Consolidate and Codify Learning

The final corner of the quad framework has you pause, pivot, or pursue. Evaluate what you’ve learned, check your progress, and determine how to proceed.

Transcript

Over the course of this series we’ve talked about a number of activities and actions you can take to grow your business. The fourth and final side of the quad framework is really to stop and pause and reflect. The goal here is to think about what’s worked and what’s not and to consolidate and integrate your learnings to help improve.

Let me highlight a few questions that I like to ask when I’m working with a startup as it relates to every aspect of the quad framework. First we talked a lot about strategy. I think after you’ve done a few iterations in marketing it’s fair to ask yourself do you have the right product, is it relevant to the right target, do you have the right customer. You might find certain segments that you may not have looked at initially but are more profitable and have a higher interest in your product or service.

And as you think about strategy, we talked a lot about setting your foundation for execution.
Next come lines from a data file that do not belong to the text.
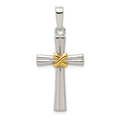 Sterling Silver & Gold-plated Polished Latin Cross Pendant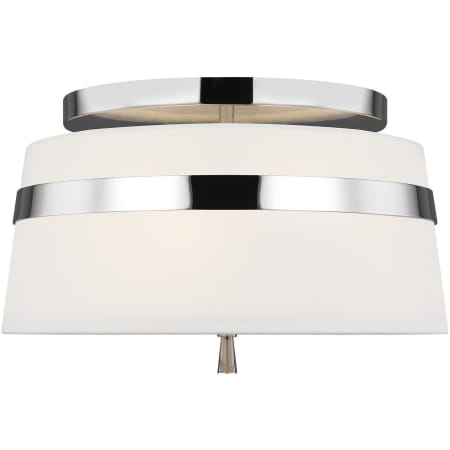 Visual Comfort Cordtlandt 3 Light 14" Wide Semi-flush Ceiling Fixture Polished Nickel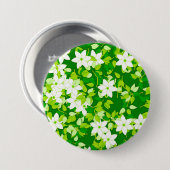 Weißer Jasmin unter grünen Blätter Button (Vorne & Hinten)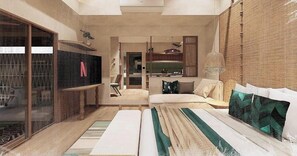 Une chambre d’hôtel moderne, dotée d’un canapé, d’un lit avec une couvre-lit à rayures, d’une grande fenêtre et offrant une vue sur l’extérieur.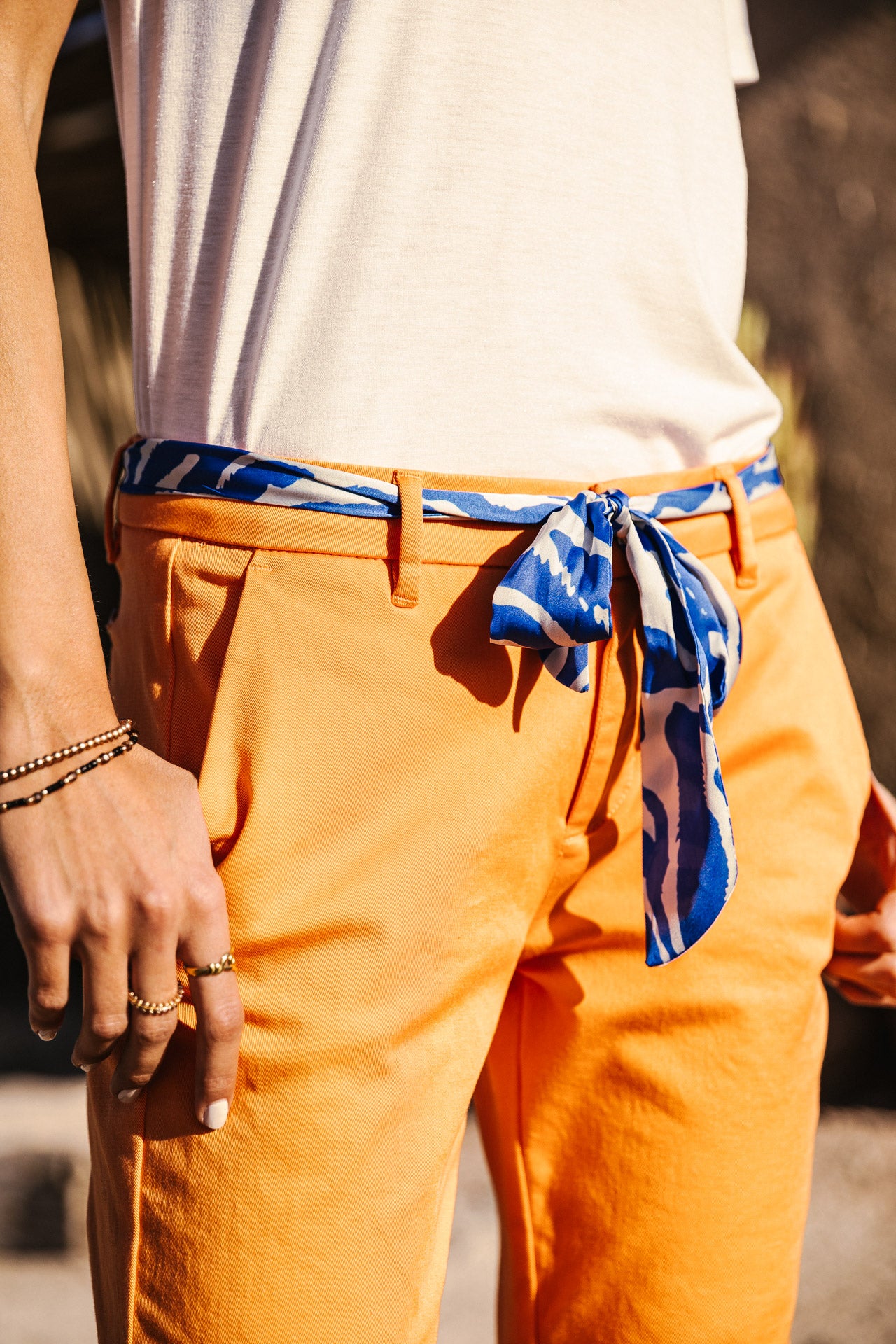 Pantalon city slim Femme Claudia Felicita tangerine tango | Freeman T. Porter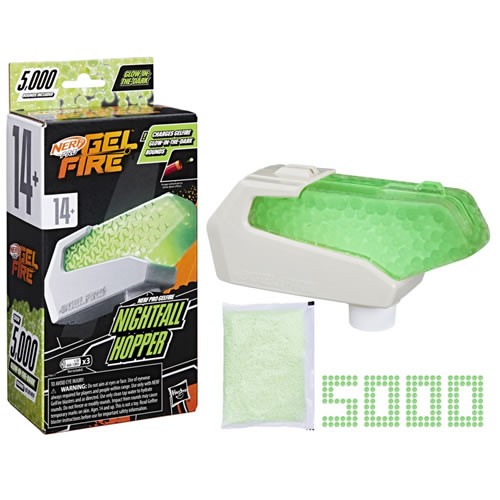 Nerf Pro - Gelfire Nightfall Hopper w/ 5000 Glow In The Dark Rounds - USE0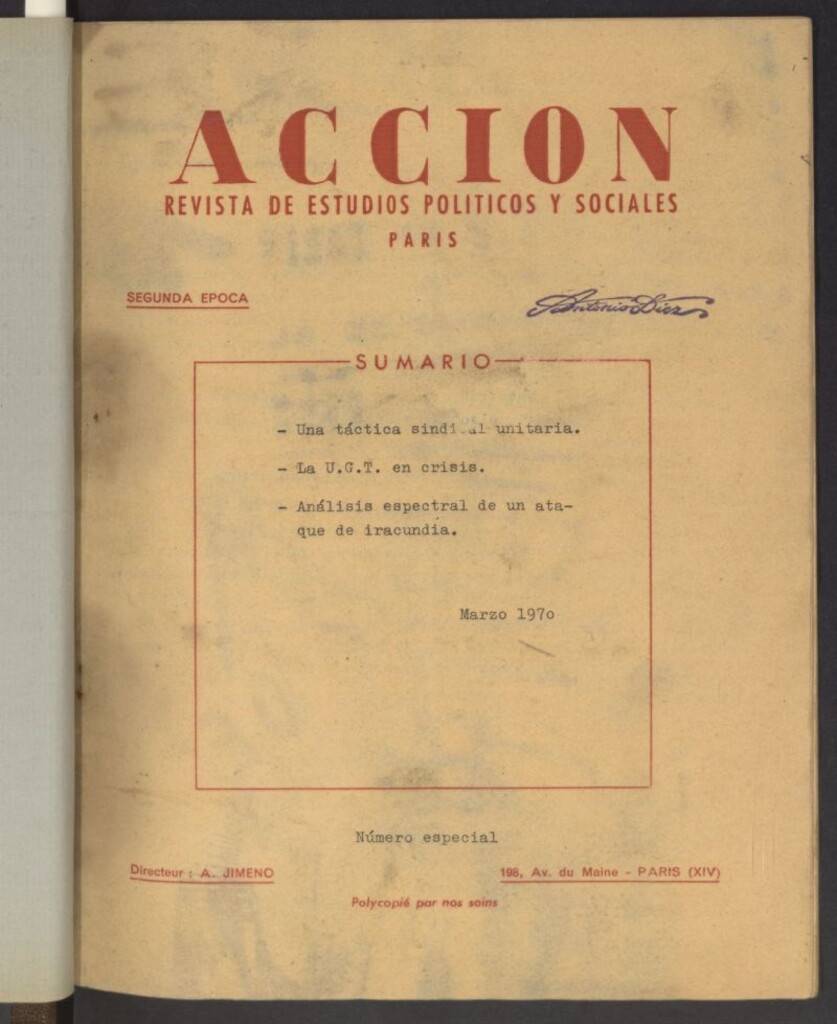 Miniatura de Acción : revista de estudios políticos y sociales...Número especial
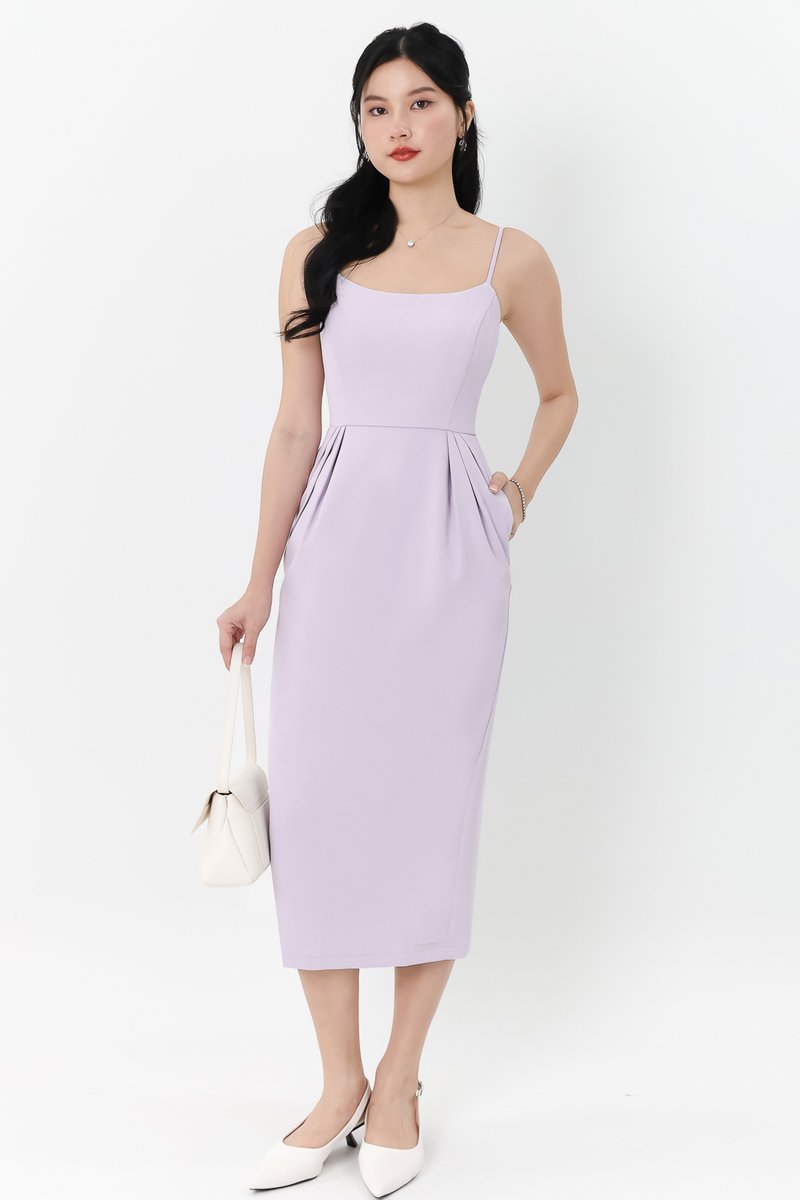 Prestine Pleat Midi Dress in Lilac Prestine Pleat Midi Dress in Lilac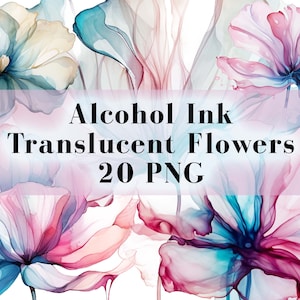 May include: A set of 20 digital images featuring translucent flowers created with alcohol ink. The flowers are in shades of blue, pink, and purple, and have a watercolor-like effect.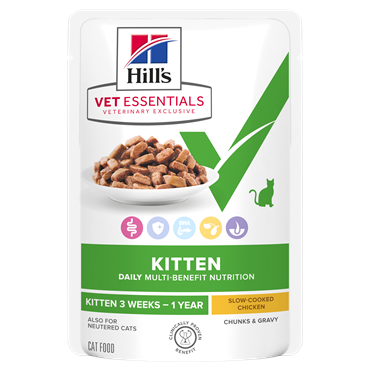 Hill\'s VET ESSENTIALS MULTI-BENEFIT vådfoder til killinger med slow-cooked kylling 12 x 85 g. 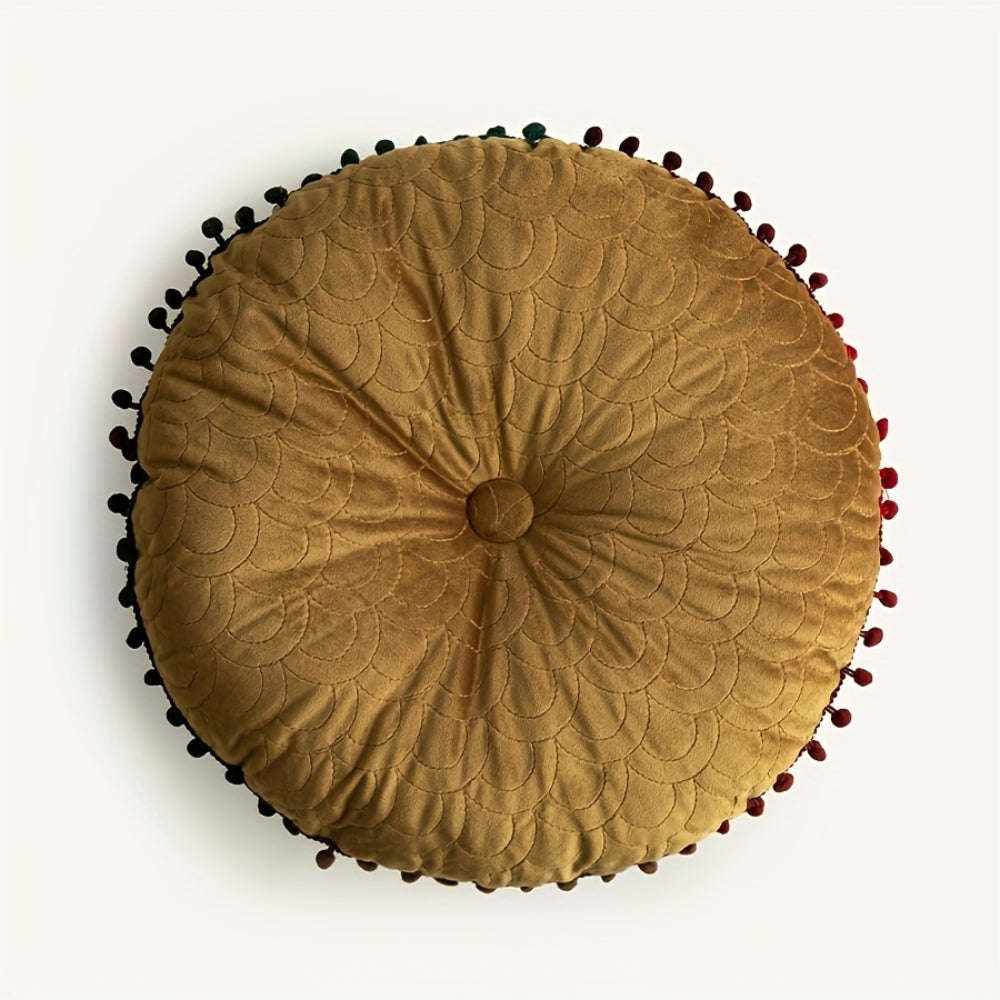 Veloura Round Vintage Quilted Ottoman Cushion Pad
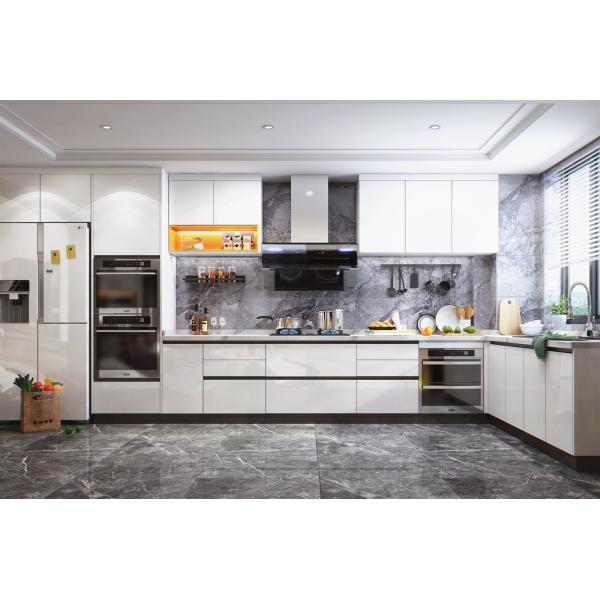High Gloss OEM Furniture Modular Lacquer Kitchen Cabinets With Marble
The questions I would ask, do you have a really well‑documented content marketing plan, is it actually working, and are your objectives clear. After you’ve worked objectives and content we talked a lot about marketing channels and what channels to chose. Do you have the right tactics? Do you have the right people doing the work for you? As you move from execution to optimization we talked a lot about growth hacking. Are you testing? Are you learning? Are you implementing those results? And are you really getting clear on what are those key aha moments to help codify those learnings and figure out what are those levers for success?

And as you go through this process you will hit that upper left corner which is to really make three decisions. One is to pause and think about do you need to make changes to your business, your product and your marketing tactic? Or potentially you pivot. Are there things that you learn that lead you to believe that you may want to pursue a different business or maybe a different segment? Are you going to aggressively pursue the business moving forward and continue along on that marketing mojo that you’ve already put in place? All you need is a little ingenuity, some hustle, curiosity and hard work. And those are the things that make you great as an entrepreneur. There’s never been a better time to create a startup. Go out there and market your product.

Suggested Readings

Founders School || Entrepreneurial Marketing || Codify and Consolidate Learning || Impact Guide (PDF).

Questions for You

What have we learned through experimentation and growth hacking?

Do we have the right product, target, customer?

Will we pause, pivot, or proceed?

Tools and exercises

Have people step back and reflect. What have been the big insights? Answer the question: are we on track?